Me he ido por las ramas, pero vuelvo. En nuestro caso, porque el fundo agrícola solo admite un uso (virtualmente), hemos casi establecido un tipo específico en atención a esta nota; en cambio, no hablamos de un arrendamiento de hoteles, otro de fruterías y otro de tiendas de flores, porque todos estos tienen la misma nota y merecen el mismo régimen, el de arrendamiento de locales de negocio. En el primer caso (el agrícola), el régimen es que el arrendador corre el riesgo de los desastres que hagan inviable la explotación. Para el segundo, creo que hay cierto acuerdo en que antes estos desastres (por ejemplo, la pandemia unida a la decisión administrativa de cierre) es compartido. Y para determinar el fundamento y la medida de esa división del coste, yo he hablado de tomar como referenca el escenario de una terminación del contrato que también sería cara para el arrendador.

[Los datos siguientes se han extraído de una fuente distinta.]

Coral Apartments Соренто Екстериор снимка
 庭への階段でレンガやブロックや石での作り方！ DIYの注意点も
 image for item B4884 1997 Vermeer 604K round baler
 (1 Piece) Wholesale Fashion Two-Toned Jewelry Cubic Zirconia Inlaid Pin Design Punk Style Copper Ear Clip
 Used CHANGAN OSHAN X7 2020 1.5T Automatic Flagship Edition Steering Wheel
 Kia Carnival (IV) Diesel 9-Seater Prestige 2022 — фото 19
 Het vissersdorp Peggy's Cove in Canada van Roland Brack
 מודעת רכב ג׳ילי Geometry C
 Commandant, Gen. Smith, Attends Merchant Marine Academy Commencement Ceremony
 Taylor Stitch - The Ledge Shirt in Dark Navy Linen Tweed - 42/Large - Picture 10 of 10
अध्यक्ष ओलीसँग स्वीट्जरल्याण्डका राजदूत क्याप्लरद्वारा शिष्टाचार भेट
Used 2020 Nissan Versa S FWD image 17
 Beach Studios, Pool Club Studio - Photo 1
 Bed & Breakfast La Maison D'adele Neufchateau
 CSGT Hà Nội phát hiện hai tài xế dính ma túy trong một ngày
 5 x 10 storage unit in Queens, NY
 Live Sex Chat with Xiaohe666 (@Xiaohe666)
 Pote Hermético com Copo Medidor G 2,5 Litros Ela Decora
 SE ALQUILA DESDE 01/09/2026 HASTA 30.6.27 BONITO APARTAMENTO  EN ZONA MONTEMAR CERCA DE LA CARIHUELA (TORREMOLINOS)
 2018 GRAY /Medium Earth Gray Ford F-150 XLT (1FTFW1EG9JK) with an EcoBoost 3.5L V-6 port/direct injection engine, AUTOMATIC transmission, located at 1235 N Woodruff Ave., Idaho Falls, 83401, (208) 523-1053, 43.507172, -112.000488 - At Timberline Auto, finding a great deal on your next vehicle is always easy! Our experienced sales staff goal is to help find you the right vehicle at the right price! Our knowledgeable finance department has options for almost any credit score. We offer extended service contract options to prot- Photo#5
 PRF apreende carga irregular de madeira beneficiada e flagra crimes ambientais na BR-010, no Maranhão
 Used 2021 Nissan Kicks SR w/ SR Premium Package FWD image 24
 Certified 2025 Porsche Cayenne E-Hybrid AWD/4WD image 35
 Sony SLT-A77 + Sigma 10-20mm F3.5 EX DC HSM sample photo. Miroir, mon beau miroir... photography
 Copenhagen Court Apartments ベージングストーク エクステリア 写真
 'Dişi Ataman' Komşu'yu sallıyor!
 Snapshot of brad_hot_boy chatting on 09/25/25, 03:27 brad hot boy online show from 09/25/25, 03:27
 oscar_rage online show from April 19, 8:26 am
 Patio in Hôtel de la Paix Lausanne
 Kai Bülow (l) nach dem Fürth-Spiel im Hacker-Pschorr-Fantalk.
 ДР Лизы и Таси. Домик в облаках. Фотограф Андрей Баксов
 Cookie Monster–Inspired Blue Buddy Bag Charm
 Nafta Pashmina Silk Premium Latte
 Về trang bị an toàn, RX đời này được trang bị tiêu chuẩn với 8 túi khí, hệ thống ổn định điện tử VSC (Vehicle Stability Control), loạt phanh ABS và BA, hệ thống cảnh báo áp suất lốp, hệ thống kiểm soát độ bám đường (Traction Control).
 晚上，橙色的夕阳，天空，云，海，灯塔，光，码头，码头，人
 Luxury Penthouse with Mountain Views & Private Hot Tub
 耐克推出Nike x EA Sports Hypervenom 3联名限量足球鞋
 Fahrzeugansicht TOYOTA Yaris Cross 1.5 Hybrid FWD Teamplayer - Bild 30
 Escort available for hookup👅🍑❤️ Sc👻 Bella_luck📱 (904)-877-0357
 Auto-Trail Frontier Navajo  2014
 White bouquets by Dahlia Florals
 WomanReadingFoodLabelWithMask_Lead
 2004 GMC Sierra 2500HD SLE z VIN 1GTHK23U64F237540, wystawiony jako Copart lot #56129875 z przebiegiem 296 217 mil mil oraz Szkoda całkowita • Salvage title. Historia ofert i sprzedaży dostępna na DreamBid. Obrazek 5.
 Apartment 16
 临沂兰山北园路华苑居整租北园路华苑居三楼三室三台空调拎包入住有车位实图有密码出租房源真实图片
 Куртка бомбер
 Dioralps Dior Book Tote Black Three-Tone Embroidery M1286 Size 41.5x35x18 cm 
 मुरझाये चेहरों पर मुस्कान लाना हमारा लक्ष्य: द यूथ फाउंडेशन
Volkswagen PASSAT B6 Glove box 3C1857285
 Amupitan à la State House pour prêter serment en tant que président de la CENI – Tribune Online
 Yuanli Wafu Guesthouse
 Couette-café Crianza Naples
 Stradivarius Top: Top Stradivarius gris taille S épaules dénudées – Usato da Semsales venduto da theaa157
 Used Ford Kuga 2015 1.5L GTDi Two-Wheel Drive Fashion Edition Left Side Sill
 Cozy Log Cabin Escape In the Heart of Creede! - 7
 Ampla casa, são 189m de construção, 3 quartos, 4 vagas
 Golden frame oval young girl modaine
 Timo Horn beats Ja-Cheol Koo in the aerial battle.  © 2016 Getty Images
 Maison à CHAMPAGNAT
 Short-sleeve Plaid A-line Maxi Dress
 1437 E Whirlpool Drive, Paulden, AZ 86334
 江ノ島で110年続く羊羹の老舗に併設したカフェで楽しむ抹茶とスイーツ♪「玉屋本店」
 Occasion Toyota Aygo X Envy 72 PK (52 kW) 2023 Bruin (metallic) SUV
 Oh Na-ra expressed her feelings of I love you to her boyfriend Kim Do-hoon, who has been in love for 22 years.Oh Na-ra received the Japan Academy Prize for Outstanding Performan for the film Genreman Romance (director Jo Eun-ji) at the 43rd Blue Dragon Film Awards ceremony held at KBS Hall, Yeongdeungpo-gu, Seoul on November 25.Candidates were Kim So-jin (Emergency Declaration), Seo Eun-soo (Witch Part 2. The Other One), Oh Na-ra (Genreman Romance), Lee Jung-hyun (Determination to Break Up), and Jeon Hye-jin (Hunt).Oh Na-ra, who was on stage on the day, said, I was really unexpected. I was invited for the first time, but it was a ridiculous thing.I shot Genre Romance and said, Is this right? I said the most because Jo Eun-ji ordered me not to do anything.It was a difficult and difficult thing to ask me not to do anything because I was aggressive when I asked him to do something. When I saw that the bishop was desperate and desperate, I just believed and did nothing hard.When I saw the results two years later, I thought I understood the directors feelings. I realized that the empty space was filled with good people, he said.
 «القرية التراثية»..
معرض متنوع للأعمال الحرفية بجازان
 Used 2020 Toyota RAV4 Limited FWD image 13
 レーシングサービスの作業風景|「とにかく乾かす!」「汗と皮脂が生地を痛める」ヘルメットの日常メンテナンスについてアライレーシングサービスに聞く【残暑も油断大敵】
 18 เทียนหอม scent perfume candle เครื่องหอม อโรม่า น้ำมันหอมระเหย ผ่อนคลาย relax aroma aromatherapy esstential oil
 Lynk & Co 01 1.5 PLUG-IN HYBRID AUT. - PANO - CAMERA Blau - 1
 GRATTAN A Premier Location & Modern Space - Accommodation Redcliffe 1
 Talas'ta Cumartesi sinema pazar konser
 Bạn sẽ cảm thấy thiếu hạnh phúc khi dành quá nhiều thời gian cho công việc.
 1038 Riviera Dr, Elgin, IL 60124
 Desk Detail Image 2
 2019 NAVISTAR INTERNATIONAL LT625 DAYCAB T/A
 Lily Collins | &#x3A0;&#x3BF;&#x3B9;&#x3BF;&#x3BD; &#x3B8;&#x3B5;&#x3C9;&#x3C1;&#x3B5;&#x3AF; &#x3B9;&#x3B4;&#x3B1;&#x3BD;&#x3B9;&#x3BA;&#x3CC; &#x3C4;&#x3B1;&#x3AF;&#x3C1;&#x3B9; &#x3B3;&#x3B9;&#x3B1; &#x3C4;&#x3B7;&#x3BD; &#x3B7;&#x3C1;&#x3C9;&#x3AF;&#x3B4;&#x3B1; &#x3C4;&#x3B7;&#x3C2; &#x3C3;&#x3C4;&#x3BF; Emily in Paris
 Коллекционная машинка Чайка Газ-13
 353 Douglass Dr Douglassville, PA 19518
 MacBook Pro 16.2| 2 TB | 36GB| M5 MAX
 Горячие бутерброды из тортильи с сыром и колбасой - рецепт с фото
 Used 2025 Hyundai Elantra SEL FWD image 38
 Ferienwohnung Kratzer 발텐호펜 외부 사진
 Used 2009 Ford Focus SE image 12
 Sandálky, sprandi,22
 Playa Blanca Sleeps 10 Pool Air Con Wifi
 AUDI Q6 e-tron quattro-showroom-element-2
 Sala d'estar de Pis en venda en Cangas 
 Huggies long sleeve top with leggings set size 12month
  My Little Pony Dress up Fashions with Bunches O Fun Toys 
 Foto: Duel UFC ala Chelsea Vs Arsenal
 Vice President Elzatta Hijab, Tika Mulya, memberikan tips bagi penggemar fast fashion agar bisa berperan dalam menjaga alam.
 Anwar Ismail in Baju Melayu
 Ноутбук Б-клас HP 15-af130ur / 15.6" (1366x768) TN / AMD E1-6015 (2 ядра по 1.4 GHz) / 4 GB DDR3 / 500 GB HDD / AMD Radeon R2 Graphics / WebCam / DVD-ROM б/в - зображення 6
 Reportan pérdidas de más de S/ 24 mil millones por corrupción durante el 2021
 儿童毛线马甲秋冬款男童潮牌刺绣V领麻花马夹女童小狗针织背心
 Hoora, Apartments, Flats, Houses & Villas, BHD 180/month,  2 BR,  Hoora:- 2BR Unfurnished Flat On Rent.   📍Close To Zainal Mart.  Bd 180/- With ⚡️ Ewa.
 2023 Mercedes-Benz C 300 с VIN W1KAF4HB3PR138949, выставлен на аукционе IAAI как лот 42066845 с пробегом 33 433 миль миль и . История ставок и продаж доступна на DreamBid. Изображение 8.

A veces tengo dudas de si habría que abrir la caja de pandora de cualesquiera factores que influyan en "la economía del contrato", como sea el importe de la renta, el margen que puede dar y ha dado o dará el negocio... Lo dejo para otro comentario, que haré al hilo de otras cosas que es me están ocurriendo sobre situaciones similares.
Otro tema: ¿sería aplicable este razonamiento a casos de pérdida radical de facturación, no ya por cierre imperativo sino por efecto reflejo de este tipo de medidas, ya sea inmediato (ej: agencias de viajes, cuando se prohíben los cruces de frontera) o mediato (depresión económica)?
Supongo que sí, aunque a medida que nos alejamos de cosas que afectan al "objeto", será más difícil que el problema salte a la causa... Ahí todavía cabrá una apelación a la rebus, que al fin y al cabo es aplicación de la misma idea (la causa del contrato se tambalea de forma sobrevenida), pero habrá más dificultad para justificar que es así, tanto en el "si" como en el "cuánto".